When you were in Statistics 101, and the Professor said ok, we are now going to learn about the Central Limit Theorem, did you tune out? Did you sarcastically say when is someone going to grab me and order me to tell them about the Central Limit Theorem? Come on, admit it, you did. Well, so did I – I was 18 years old, and couldn’t care less.
Well, you know what? Understanding the Central Limit Theorem has really big implications for big data analytics. Check out this 20 minute video, and you’ll see that by applying the Central Limit Theorem and some statistical theory, you can approximate the results of an expensive multi-server implementation for interrogating really large databases.
I’ll show you how you can obtain very precise estimates on really large databases by simply applying some basic statistics you should have learned Freshman year (but you were too busy partying, weren’t you?)
stay tuned, I’ll be coming out with a big data analytics class in the New Year. If you want to learn more about SQL, programming, open source GIS, or Manifold, check out courses at www.gisadvisor.com.

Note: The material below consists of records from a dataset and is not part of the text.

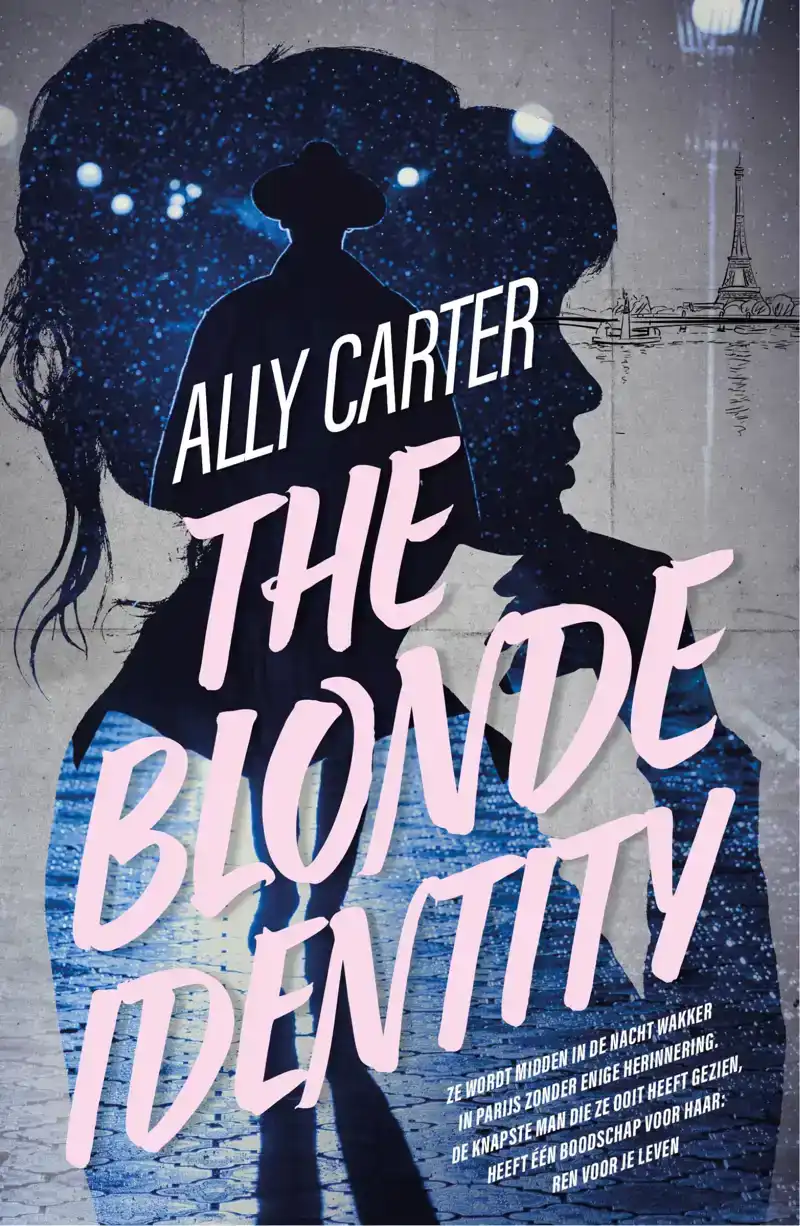 THE BLONDE IDENTITY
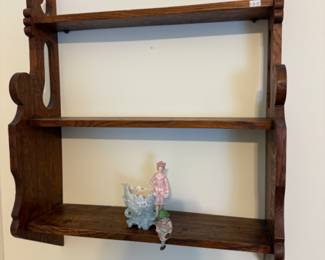 Wooden Shelf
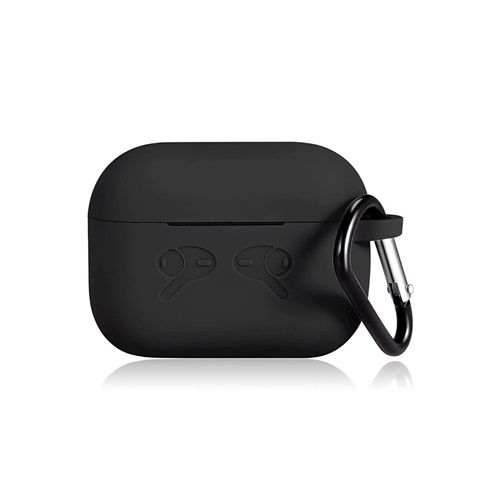 Airpods Pro Silicone Case with Carabiner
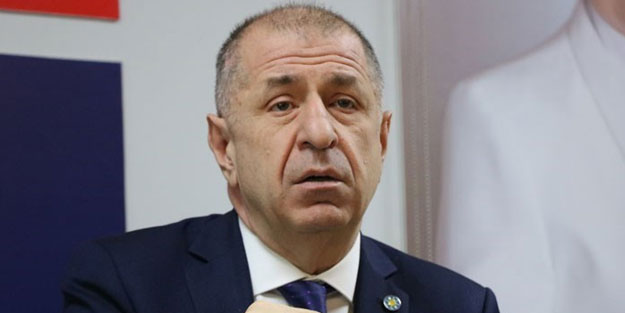 Özdağ'dan neden istifa ettim açıklaması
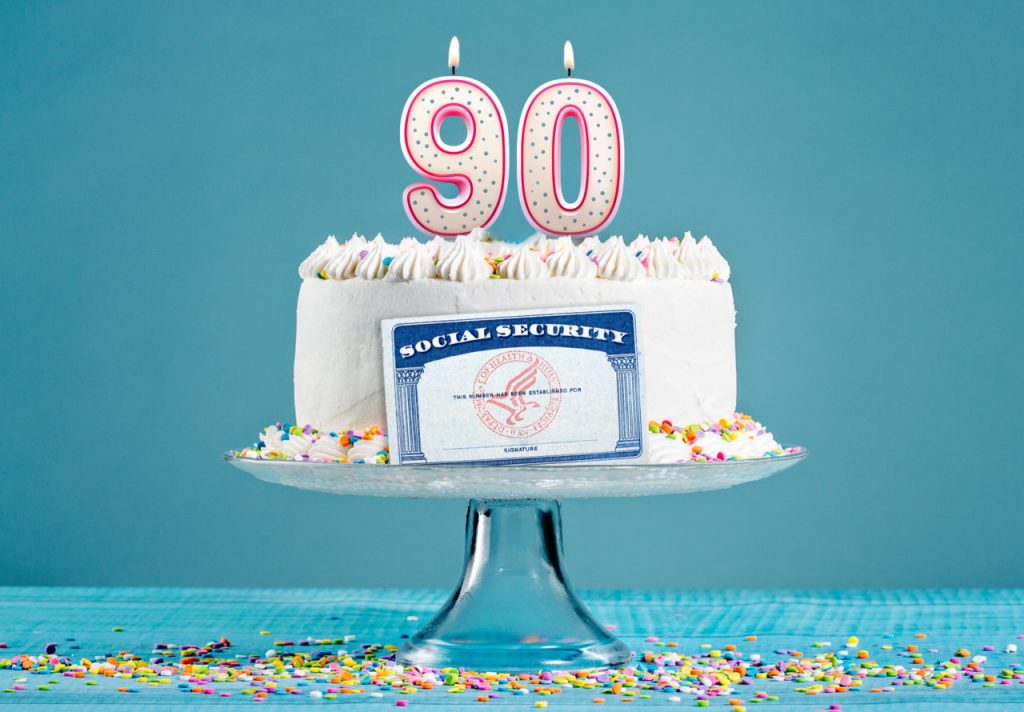 Social Security is loved by people across the political spectrum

Powerful video, Art, I remember doing something similar using a Monte Carlo simulation that was moved to a HP calculator. Using the central limit theorem, I was able to get as good results as a computer with lots of speed and a huge memory (compared to the calculator). I got the idea from an article in a technical magazine that created a Monte Carlo simulation using a Basic program running on a Commodore 64.
Wow, shows my age. Lots of fun in those days.
I wish you had been a professor in my college days. I would have loved your courses.
thanks, Ron. I actually deleted your first two posts since the video is resolved now. And yes, I noted to a friend that a lot of what we are doing today with big data is the same stuff we were doing 30-40 years ago because the data was too big (20MB)!! So, we have just increased our volume, and find ourselves returning to the same tricks we used in the past.